**Brief**. Write out exactly the lines below starting at the one containing "Диван угловой модульный" and ending at the one containing "Shiny Zircon Round". Omit every picture.

**Data supplied**.

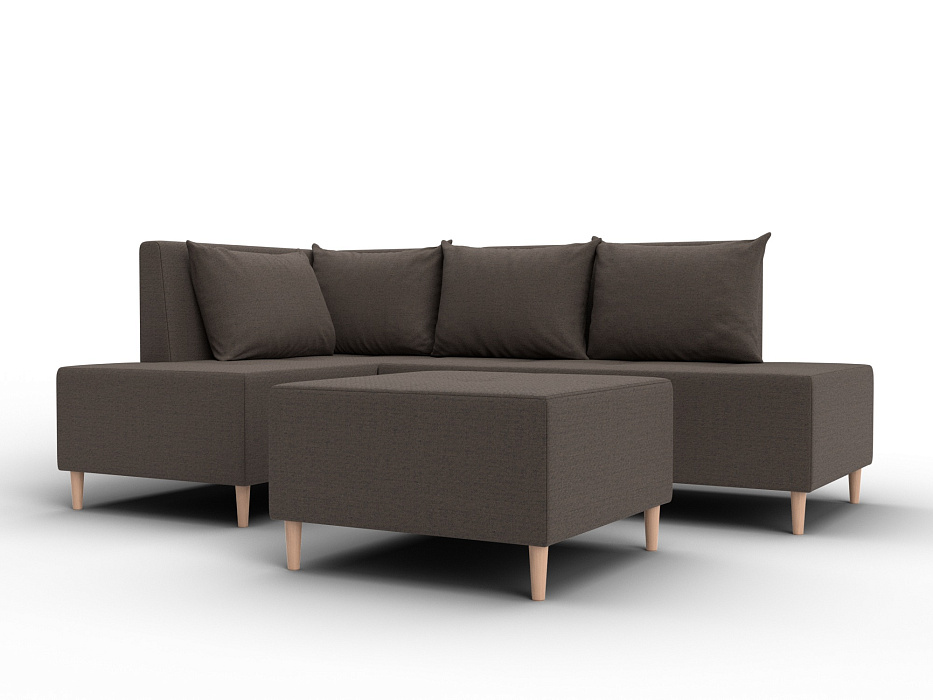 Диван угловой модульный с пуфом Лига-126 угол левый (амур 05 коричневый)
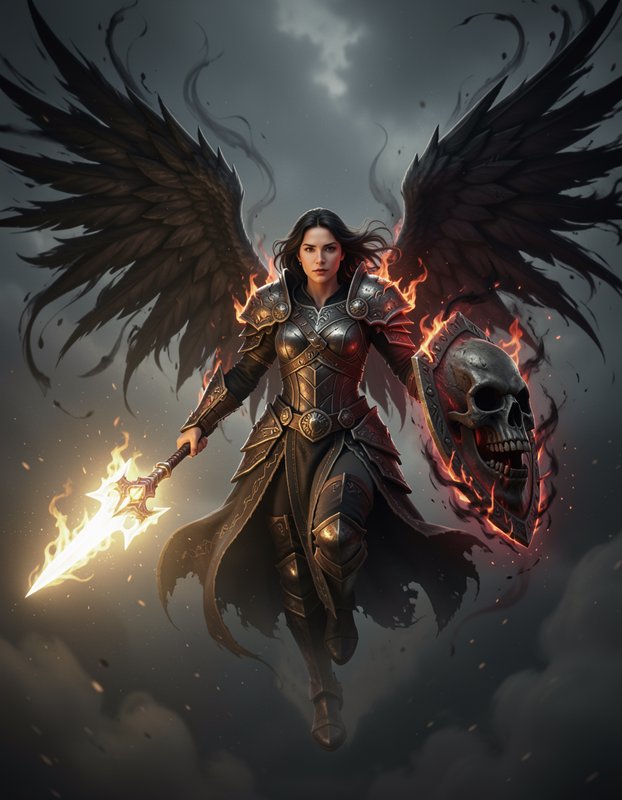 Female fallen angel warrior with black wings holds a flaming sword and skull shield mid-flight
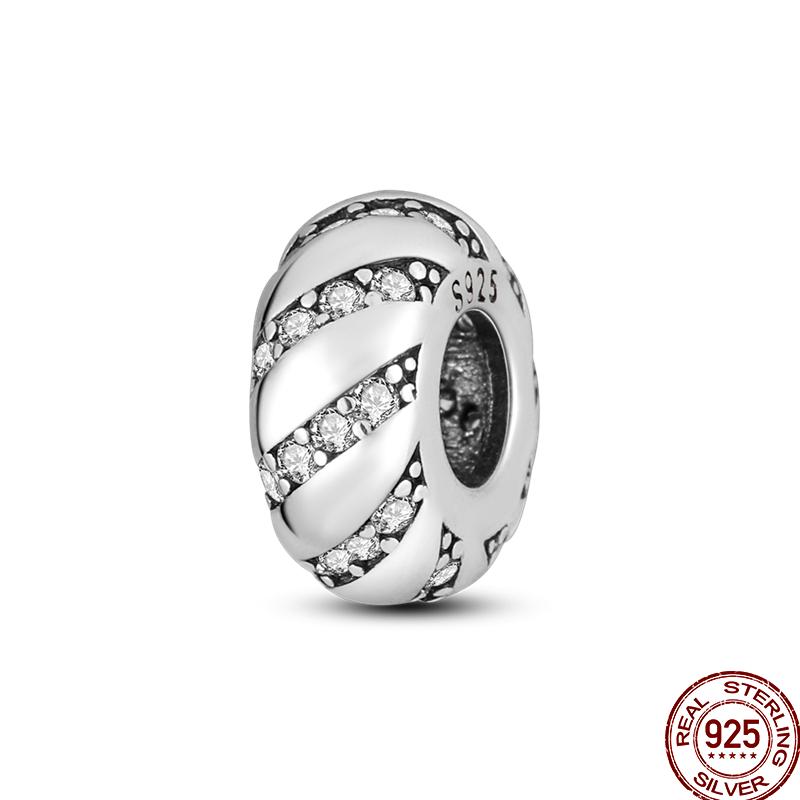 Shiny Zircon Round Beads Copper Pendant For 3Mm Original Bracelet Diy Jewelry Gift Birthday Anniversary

...

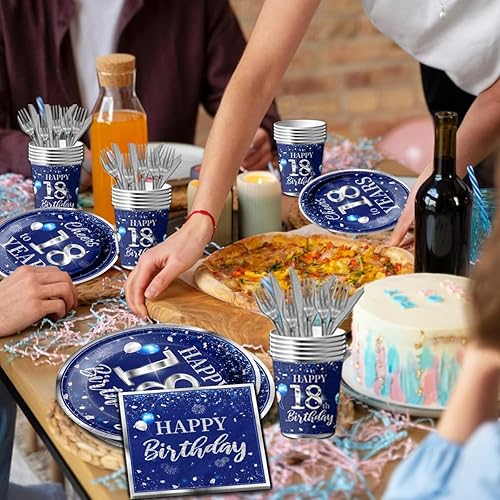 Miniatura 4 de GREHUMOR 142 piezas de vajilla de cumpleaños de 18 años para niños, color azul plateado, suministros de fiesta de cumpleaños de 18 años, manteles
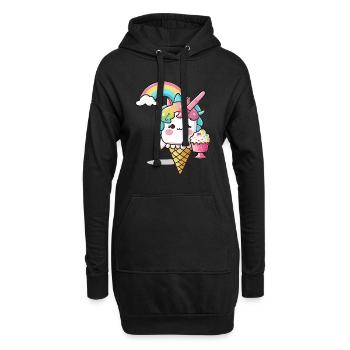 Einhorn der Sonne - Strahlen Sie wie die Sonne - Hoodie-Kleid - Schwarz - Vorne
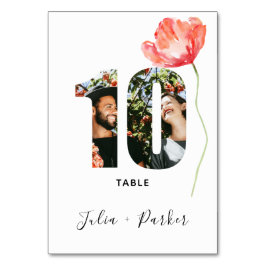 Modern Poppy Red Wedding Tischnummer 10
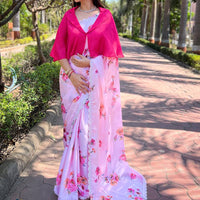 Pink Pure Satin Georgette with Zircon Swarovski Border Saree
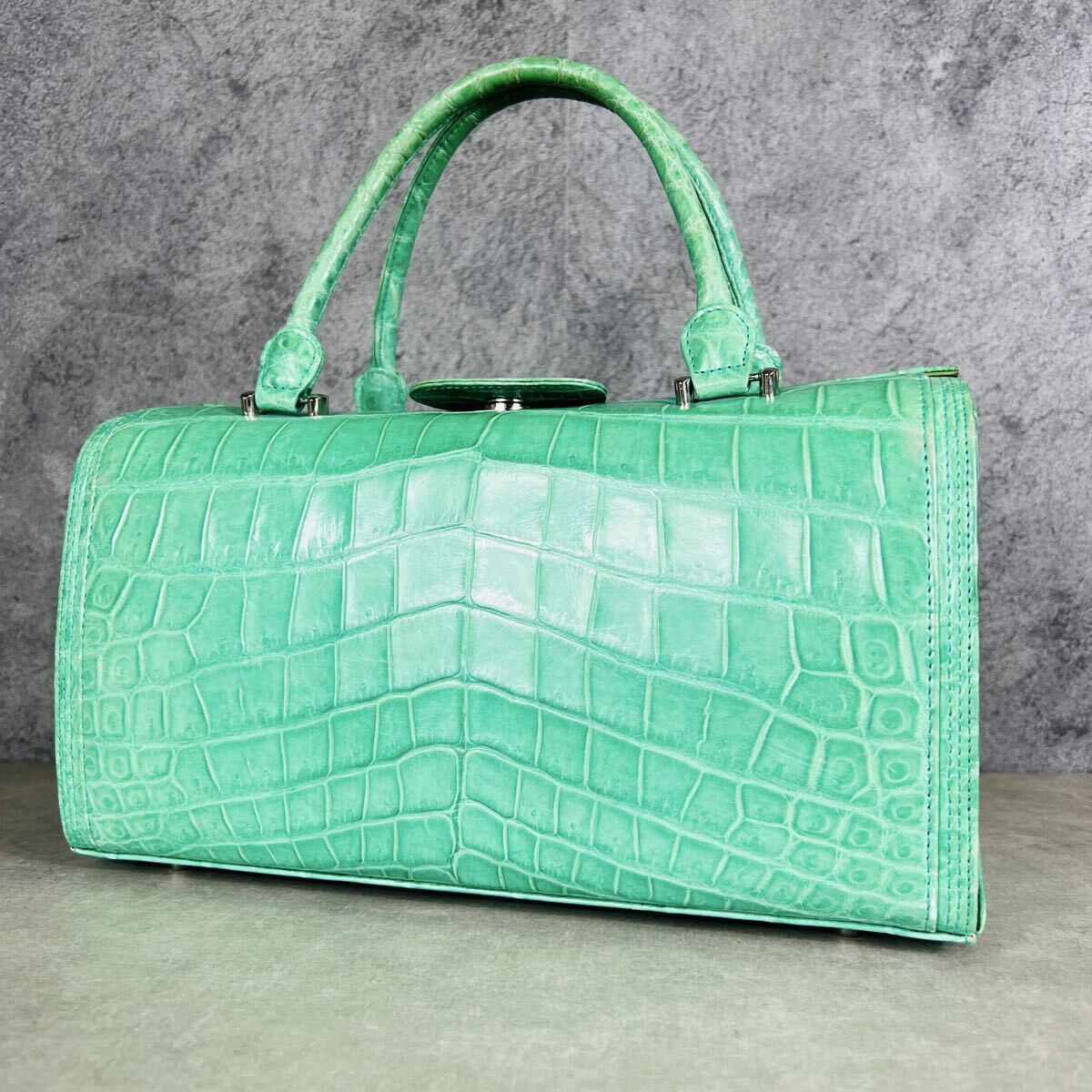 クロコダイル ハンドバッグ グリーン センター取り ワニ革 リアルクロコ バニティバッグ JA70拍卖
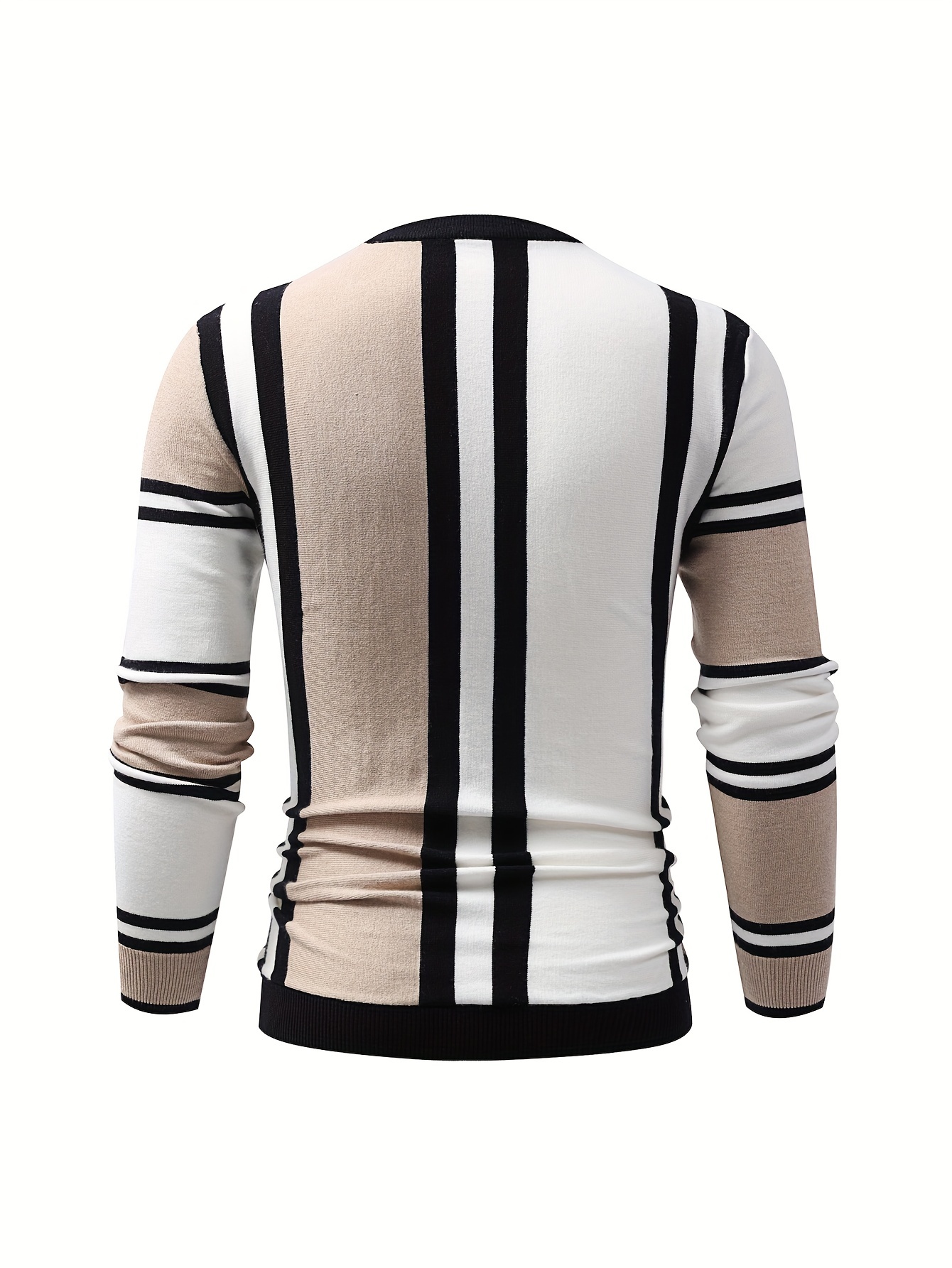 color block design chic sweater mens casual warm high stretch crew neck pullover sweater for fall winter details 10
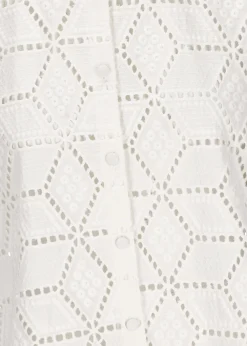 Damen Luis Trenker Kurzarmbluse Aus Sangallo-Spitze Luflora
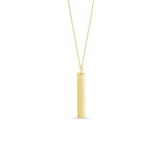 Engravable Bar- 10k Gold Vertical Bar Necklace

**Completed task**.
 Диван угловой модульный с пуфом Лига-126 угол левый (амур 05 коричневый)
 Female fallen angel warrior with black wings holds a flaming sword and skull shield mid-flight
 Shiny Zircon Round Beads Copper Pendant For 3Mm Original Bracelet Diy Jewelry Gift Birthday Anniversary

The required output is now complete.